### Given information
/---
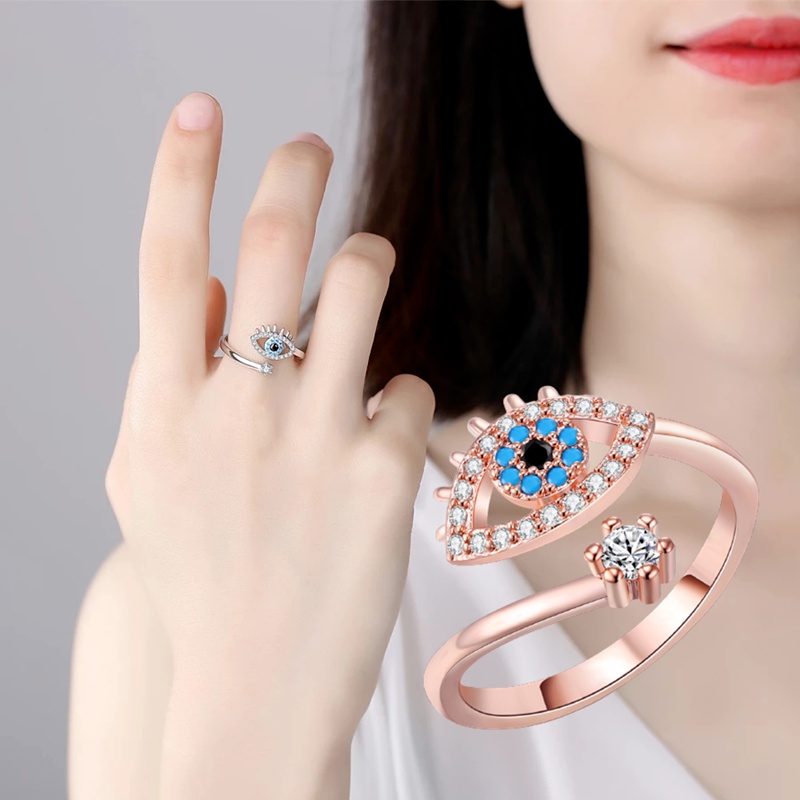 Cincin Model Terbuka Adjustable Desain Mata Iblis 3 Warna Untuk Wanita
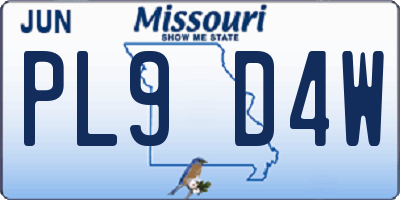 MO license plate PL9D4W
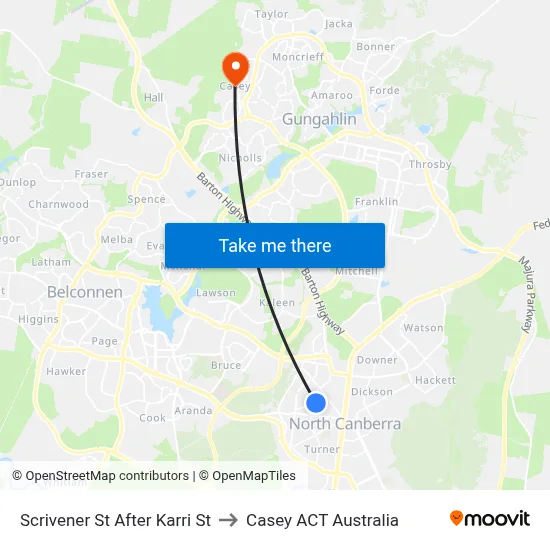 Scrivener St After Karri St to Casey ACT Australia map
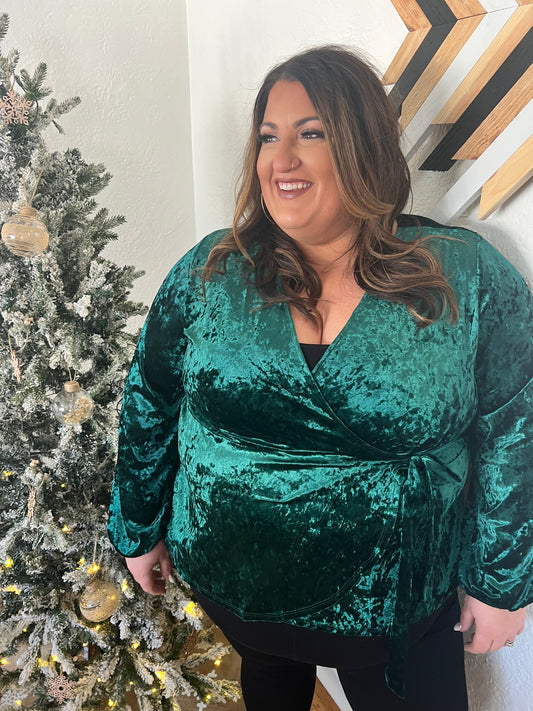 Evergreen Velvet Top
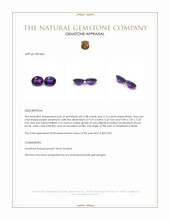 4.54 Ct.Tw.Total Carat Weight Purple Amethyst Pair from Brazil Appraisal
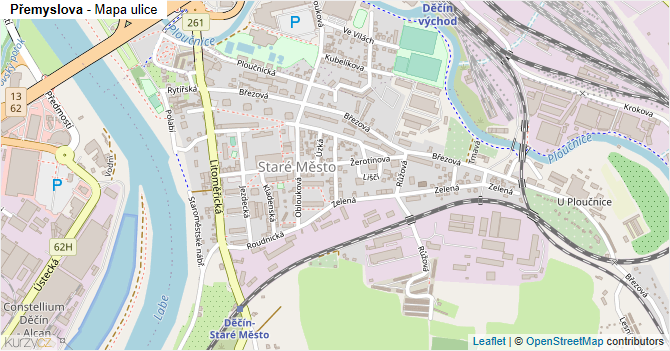 Přemyslova - mapa ulice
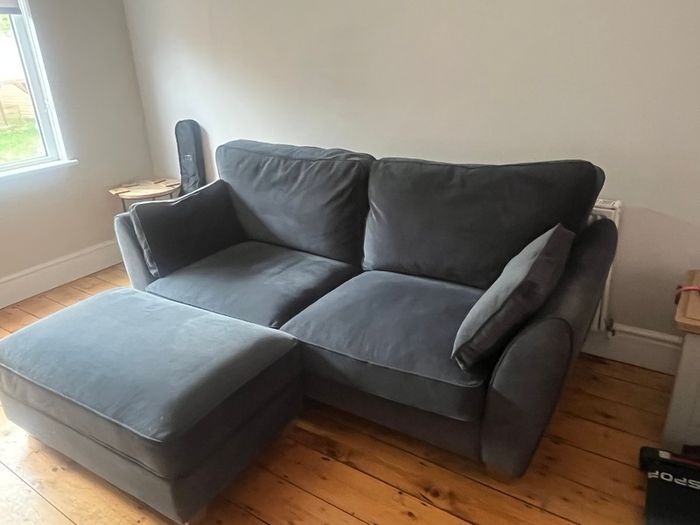 Deep Blue velvet sofa with matching ottoman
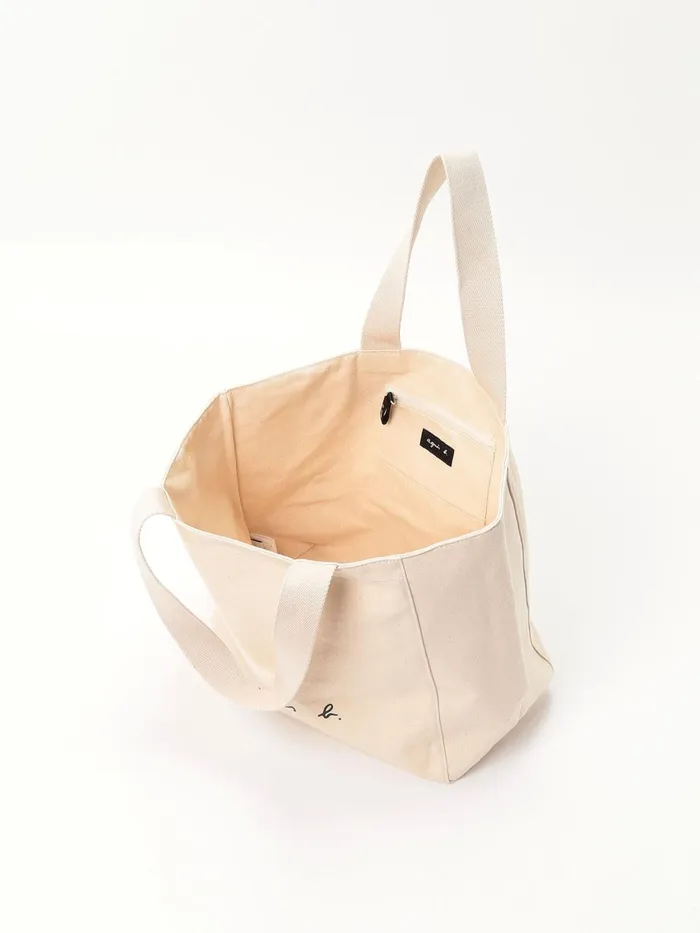 Women Agns B Large Bags and Totes White Canvas 034agns B034 Logo Shoulder Tote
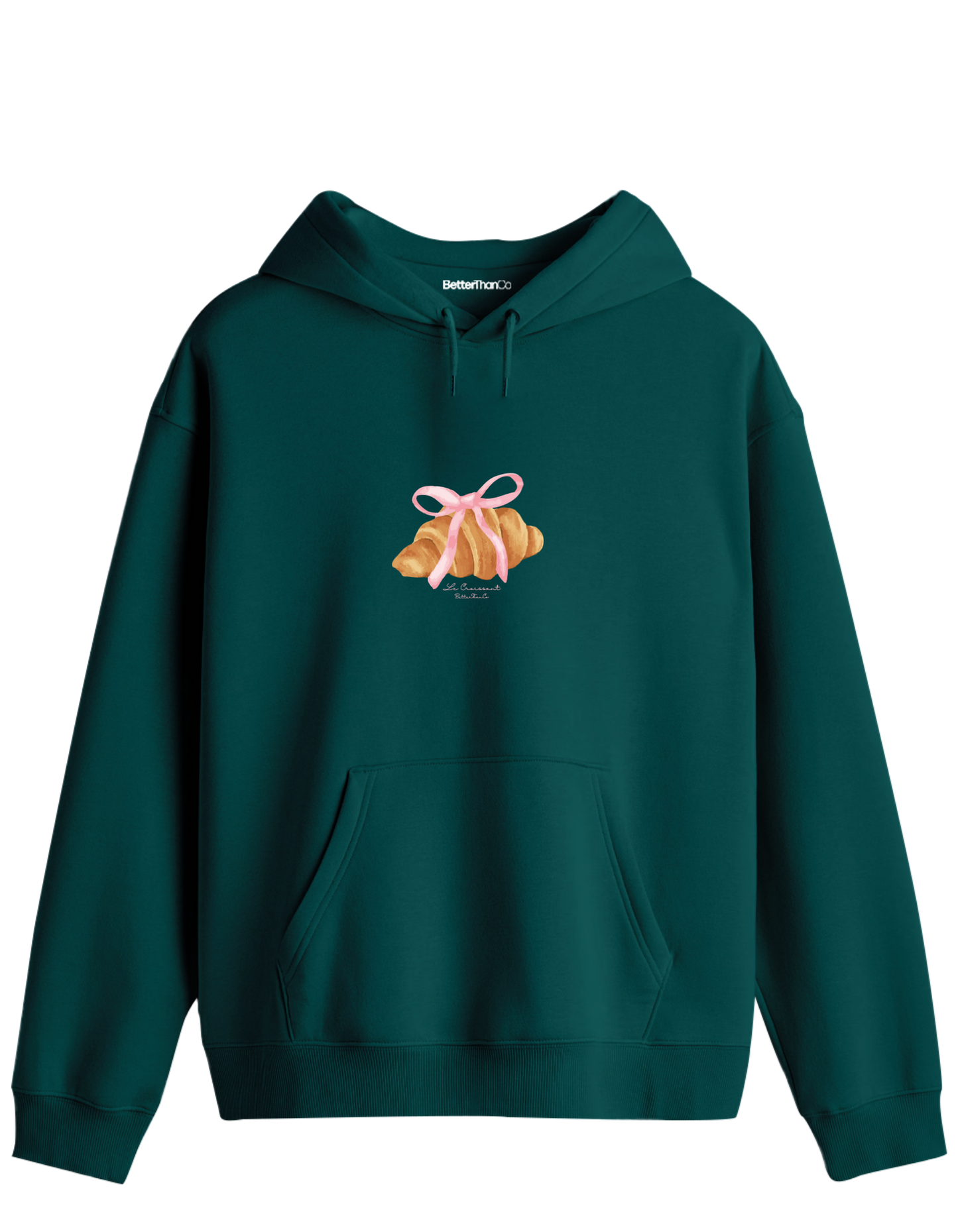 Kruvasan Baskılı Unisex Kapüşonlu Yaka Hoodie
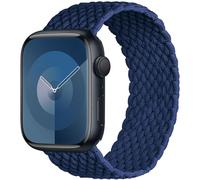 OMECKY Stretchy Braided Solo Loop Compatible with Apple Watch Band Series 9 8 7 6 5 4 3 38/40/41mm for Women Men, Cute Nylon Elastic Sport Strap for iWatch SE 1/2, M Navy Blue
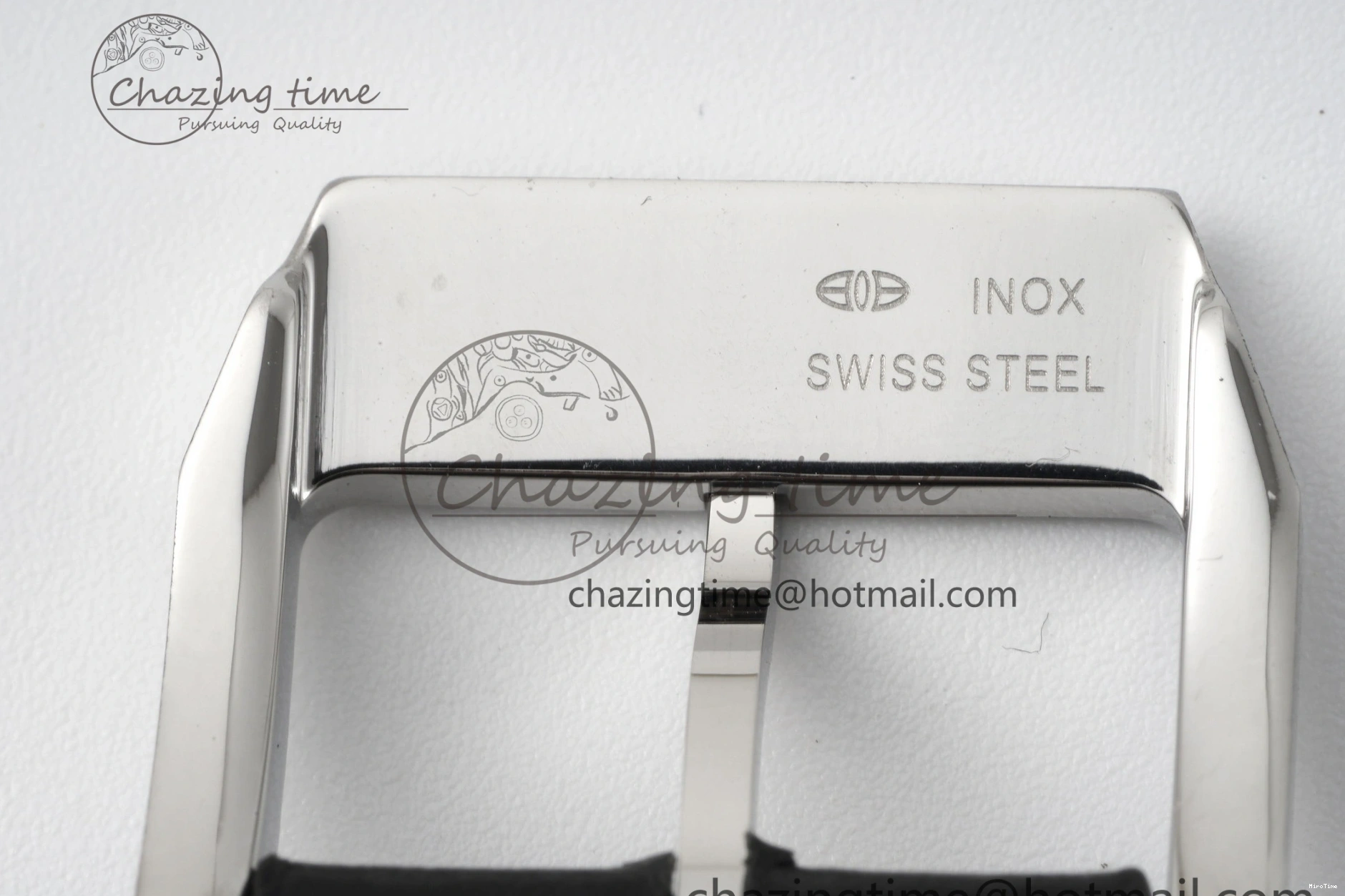 MIROTIME 0323 Pilot Chrono SS AZF 1:1 Best Edition Blue Dial on Brown Leather Strap A TimelessDesign 7060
\---
### About this task
Without the pictures, set down the lines above from the line with "Deep Blue velvet sofa with matching ottoman" up to and including the line with "Kruvasan Baskılı Unisex" exactly as they stand.

### Response
 Deep Blue velvet sofa with matching ottoman
 Women Agns B Large Bags and Totes White Canvas 034agns B034 Logo Shoulder Tote
 Kruvasan Baskılı Unisex Kapüşonlu Yaka Hoodie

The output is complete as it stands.